For any given $n$ the word $w$ consisting of $n$ $a$'s is such that $counta(w)=n$ so $counta()$ is surjective

3. ## Re: functions question N/A

Originally Posted by romsek
surely you can do (a)

(b) injective means one to one. $counta(aaa)=3$, $counta(baaa)=3$, so clearly $counta()$ is not injective

(c) surjective here would mean that every $n \in \mathbb{N}$ has some word $w \in W$ such that $counta(w)= n$

For any given $n$ the word $w$ consisting of $n$ $a$'s is such that $counta(w)=n$ so $counta()$ is surjective
If that is a correct reading, then as I said this is a childish trivial question.

4. ## Re: functions question N/A

Originally Posted by Plato
If that is a correct reading, then as I said this is a childish trivial question.
as you said where?

5. ## Re: functions question N/A

Originally Posted by romsek
as you said where?
Originally Posted by Plato
I confess that I am also confused.

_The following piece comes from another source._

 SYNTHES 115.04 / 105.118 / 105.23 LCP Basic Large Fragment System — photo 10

Either this is a totally trivial question or the worst worded.

Is this the way anyone else understands how the function works?
$\text{counta}(bbb)=0$
$\text{counta}(babcc)= 1$
$\text{counta}(abcab)=2~?????$

6. ## Re: functions question N/A

Originally Posted by Plato
odd, I'm not seeing that post.

7. ## Re: functions question N/A

Originally Posted by romsek
odd, I'm not seeing that post.
Thank you, I will tell Ted. We are having real trouble with a spam filter.
Do you agree that it is trivial under that reading?

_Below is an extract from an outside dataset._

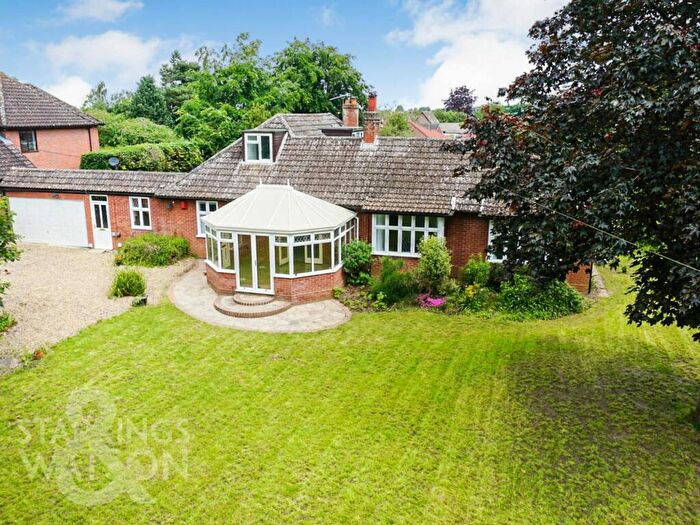 4 Bedroom Chalet For Sale In The Street, Brundall, Norwich, NR13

8. ## Re: functions question N/A

Originally Posted by Plato
Thank you, I will tell Ted. We are having real trouble with a spam filter.
Do you agree that it is trivial under that reading?
I suppose it's a pretty remedial intro to injection and surjection so not entirely trivial but the function itself is pretty trivial

9. ## Re: functions question N/A

lmao you guys are saying this question is trivial this question represents my life, i suck at discrete maths. how are you guys so smart?

10. ## Re: functions question N/A

Originally Posted by Libya
lmao you guys are saying this question is trivial this question represents my life, i suck at discrete maths. how are you guys so smart?
being able to count the number of a's in a word does not make one so smart.

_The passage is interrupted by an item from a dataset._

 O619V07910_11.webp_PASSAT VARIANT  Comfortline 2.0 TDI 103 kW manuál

11. ## Re: functions question N/A

Originally Posted by Libya
lmao you guys are saying this question is trivial this question represents my life, i suck at discrete maths. how are you guys so smart?
Do you understand that this problem is asking you to count?

My experience is that people who are "not good at maths" simply do not grasp the definitions- often trying to read more into the definitions than they should.

"Calculate counta(aa)". Can you count to 2?